I enjoyed singing the sign of the cross and the penitential rite, and other parts of the Mass. I noted that the entire Eucharistic prayer is a dialogue, with the assembly responding ten times during the prayer. But my favorite exchange is this: (Celebrant) “The Lord be with you!” (Assembly) “Yes, God in our midst!” To be honest, I received better catechesis on liturgy and ecclesiology from attending one liturgy here than I did during the year of preparation that led up to the new Missal in the USA. I can’t speak for the whole country of Brazil, but so far I have been very impressed at the way the SCJs place the liturgy as the summit and font of their pastoral activity.

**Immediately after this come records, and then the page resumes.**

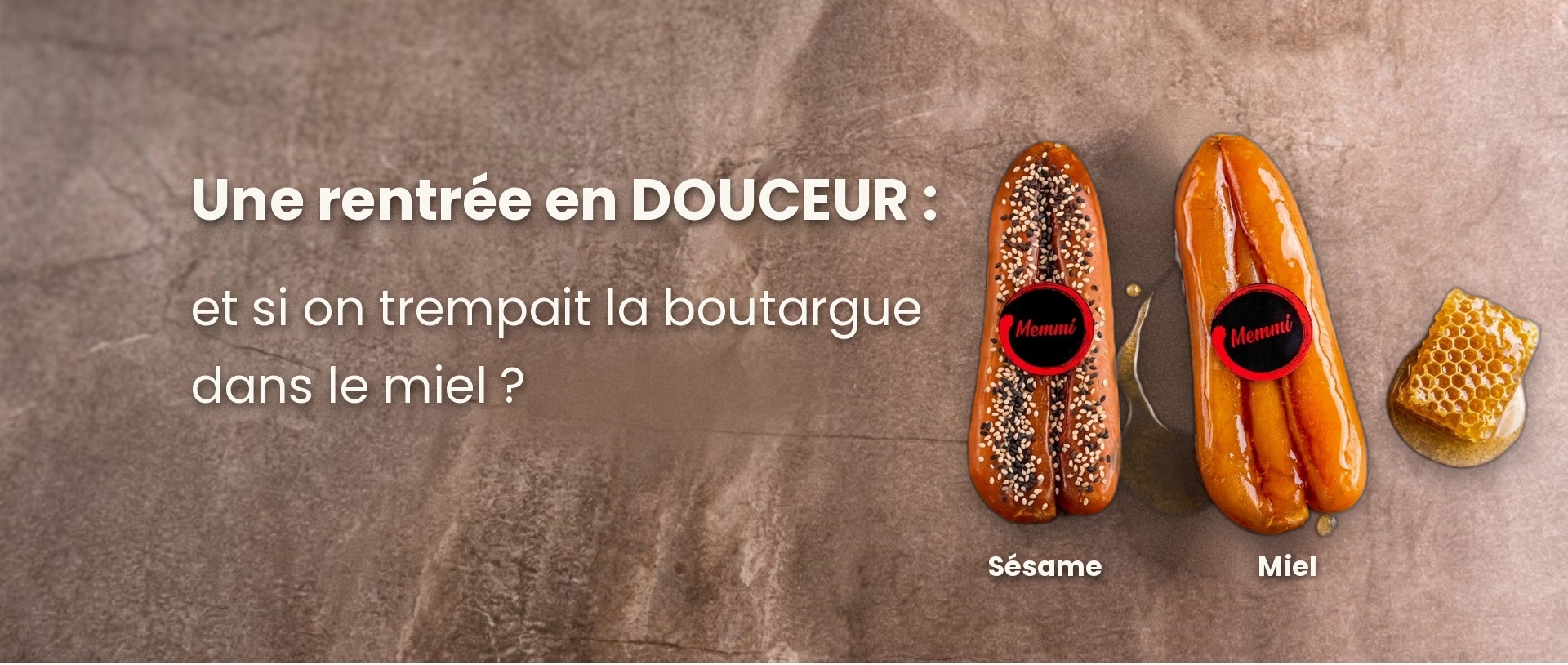 Boutargue artisanale Memmi - Une rentrée en douceur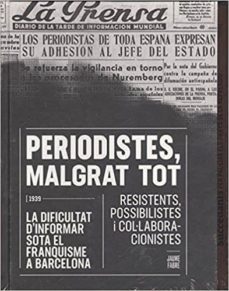 periodistes, malgrat tot: la dificultat d informar sota el franquisme a barcelona: resistents, possibilistes i              col.laboracionistes-9788491560135
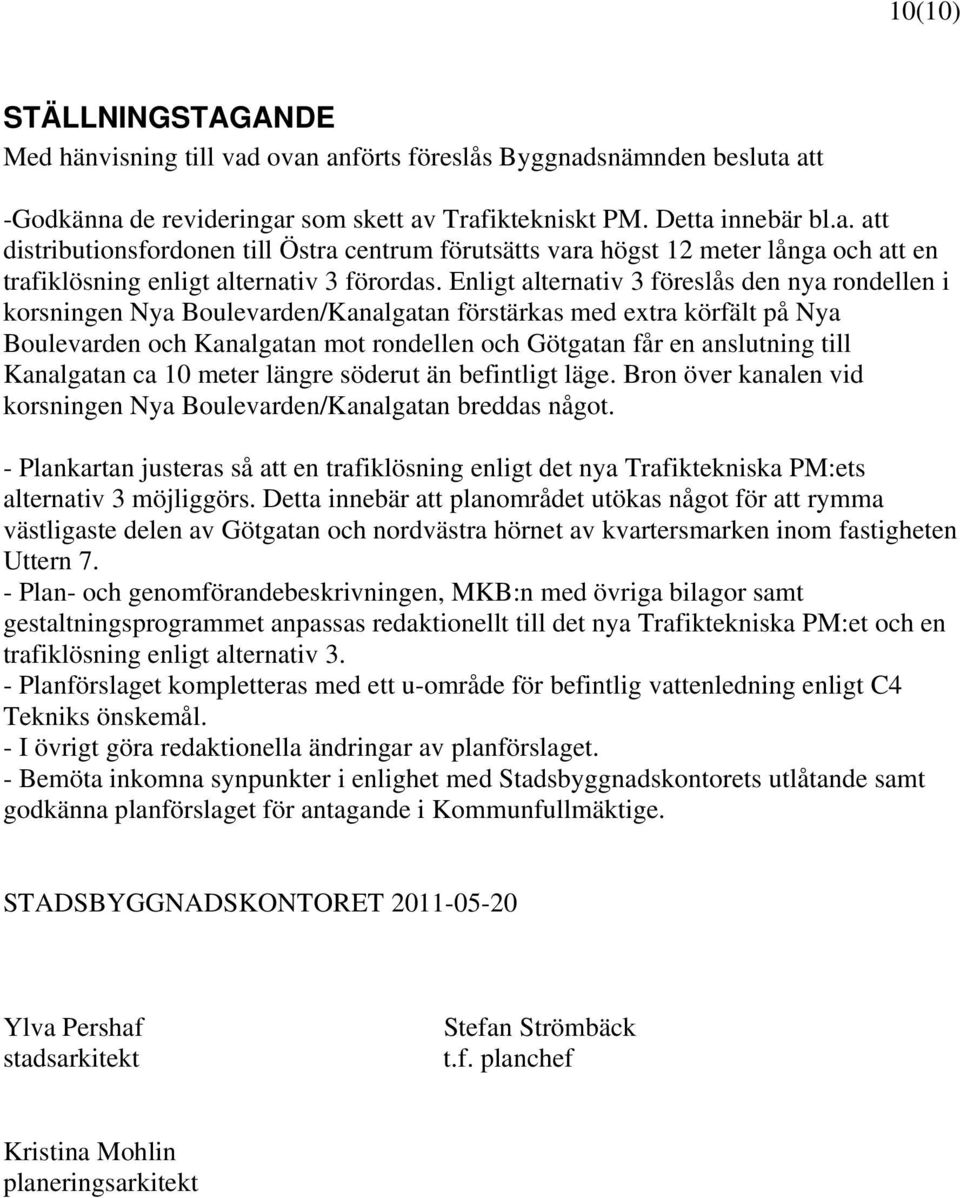 Kanalgatan ca 10 meter längre söderut än befintligt läge. Bron över kanalen vid korsningen Nya Boulevarden/Kanalgatan breddas något.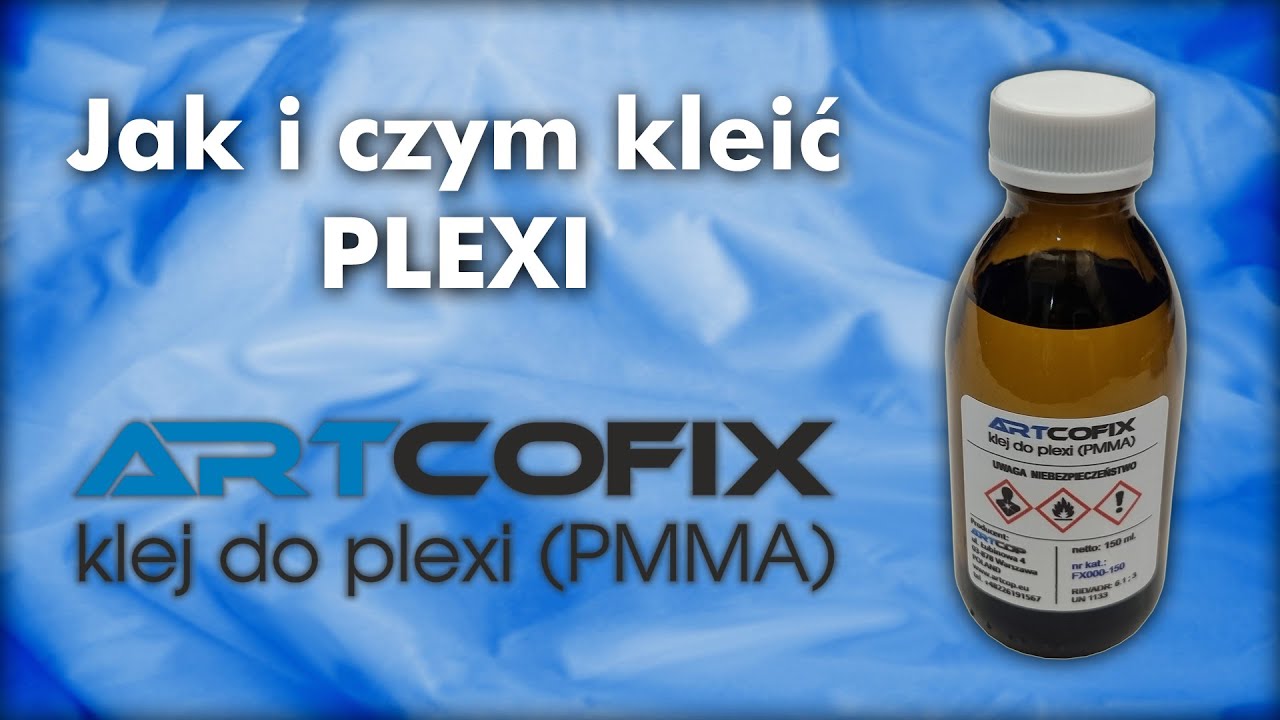 Jak i czym kleić PLEXI, PLEKSI, PMMA | Klej ARTCOFIX do klejenia plexi, pleksi, PMMA firmy ARTCOP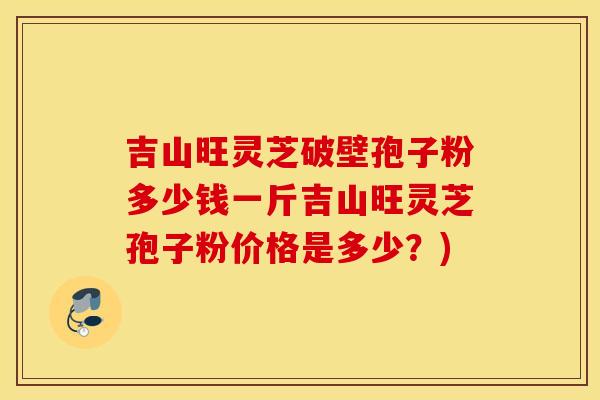 吉山旺灵芝破壁孢子粉多少钱一斤吉山旺灵芝孢子粉价格是多少？)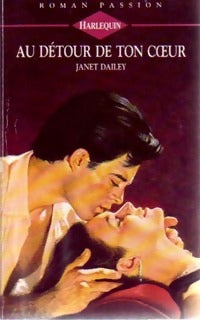 Au détour de ton coeur - Janet Dailey - Livre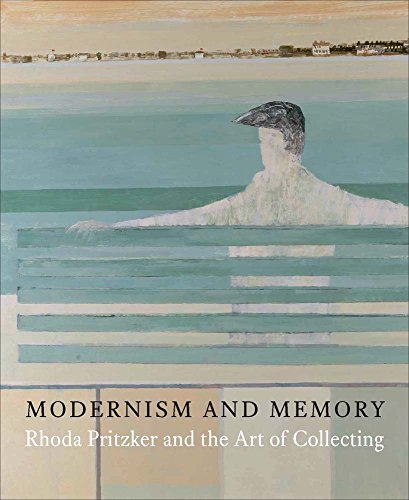 Modernism and Memory: Rhoda Pritzker and the Art of Collecting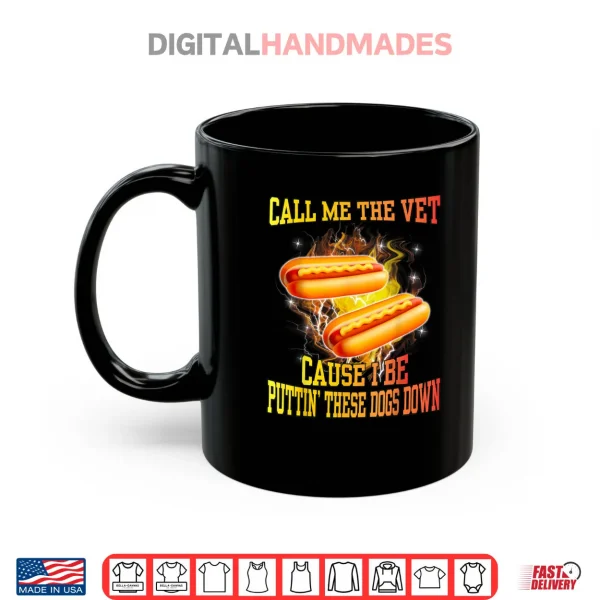 Mug Call Me The Vet Cause I Be Puttin These Dogs Down Shirt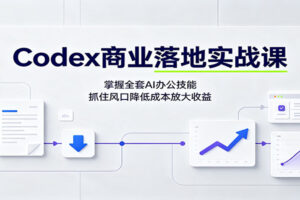 Codex商业落地实战课：掌握全套AI办公技能，抓住风口降低成本放大收益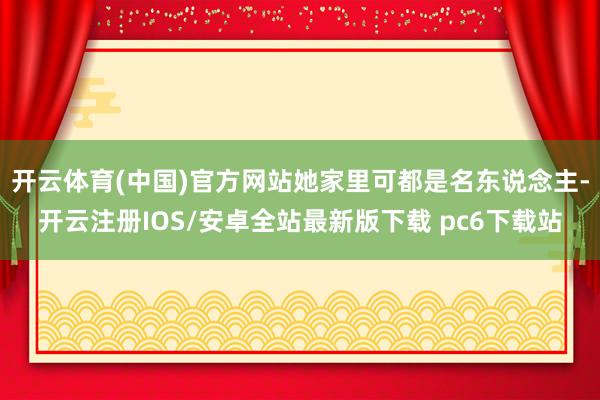 开云体育(中国)官方网站她家里可都是名东说念主-开云注册IOS/安卓全站最新版下载 pc6下载站
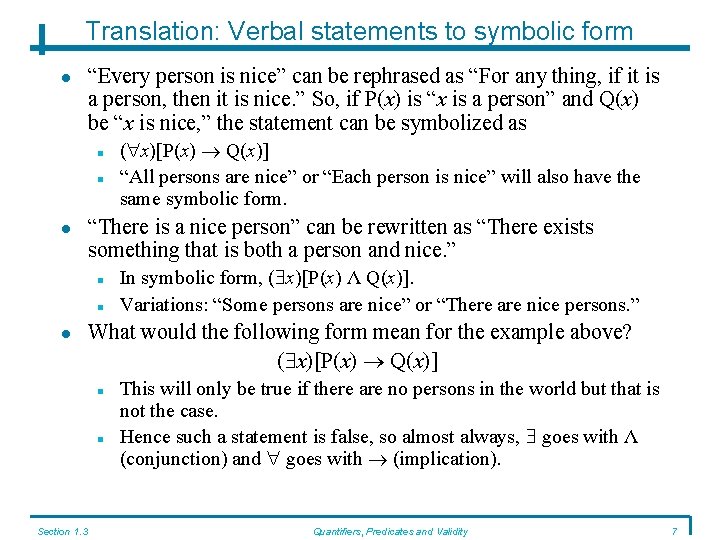 Translation: Verbal statements to symbolic form “Every person is nice” can be rephrased as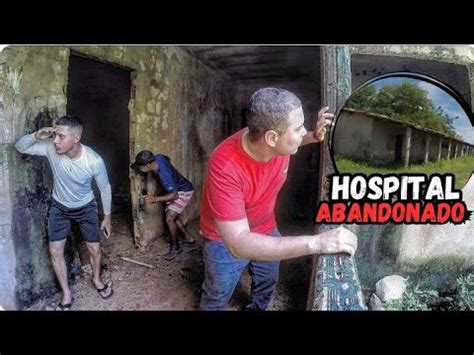 INVADIMOS UM HOSPITAL ABANDONADO E ISSO ACONTECEU YouTube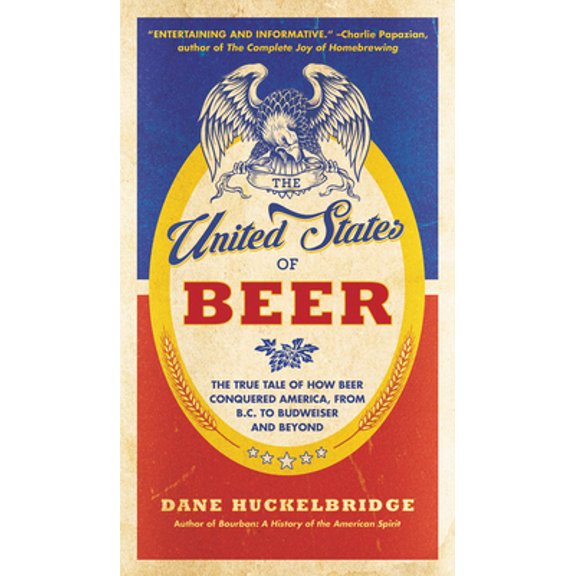 Pre-Owned The United States of Beer: The True Tale of How Beer Conquered America, from B.C. to Budweiser and Beyond (Paperback) 0062389777 9780062389770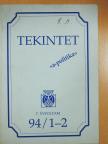 Avar Mária - Tekintet 1994/1-2. (dedikált példány) [antikvár]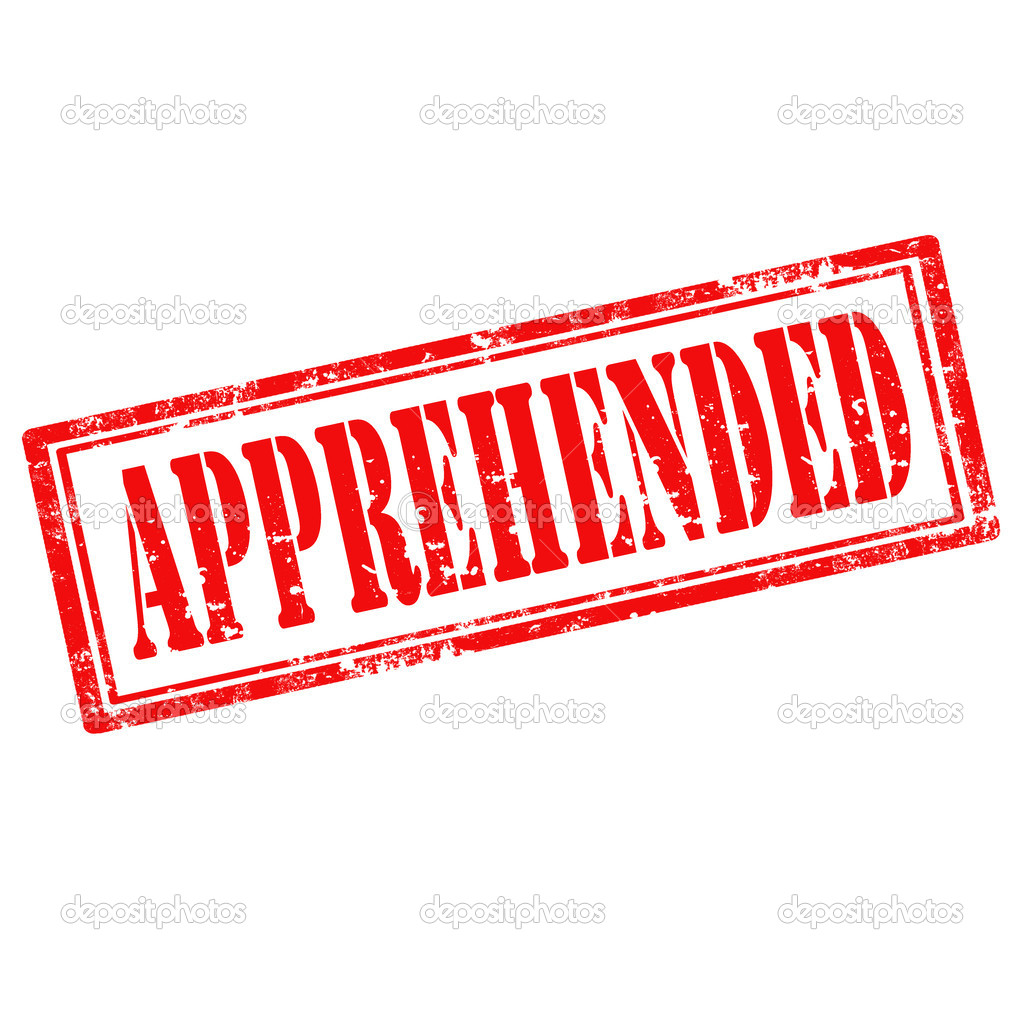 Apprehended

In other circumstances, I would consider 22 weekend Masses and 22 more Masses during the week (in ten locations, plus home Masses for the base communities) to be an excessive work load for four priests. However, if the liturgy does what it is supposed to do, it is well worth it. I am glad to have the opportunity to stay here for four weeks so I can experience how this works out in practice. (They have already put me in the pastoral schedule– I am being inflicted on a smaller rural community, but a deacon will accompany me to preach). I also want to find out more about how the lay Dehonian groups function. So stay tuned.
And, on a lighter note: I was walking back to the parish office when I heard a shout: “Chin O Chee!” I continued walking, and a car pulled up alongside, and I saw the photographer who had taken pictures at the Mass and gathering. He shouted again “Chin O Chee!” I guess that will be my name for the duration, because Portuguese does something which, oddly enough, English does as well. A “T” followed by “I” is pronounced “ch” so there go the T’s in my name. We do the same thing in words like “nation” and wonder why English is so hard to learn.
Enjoy the summer. It’s in the 60s and 70s here — very comfortable.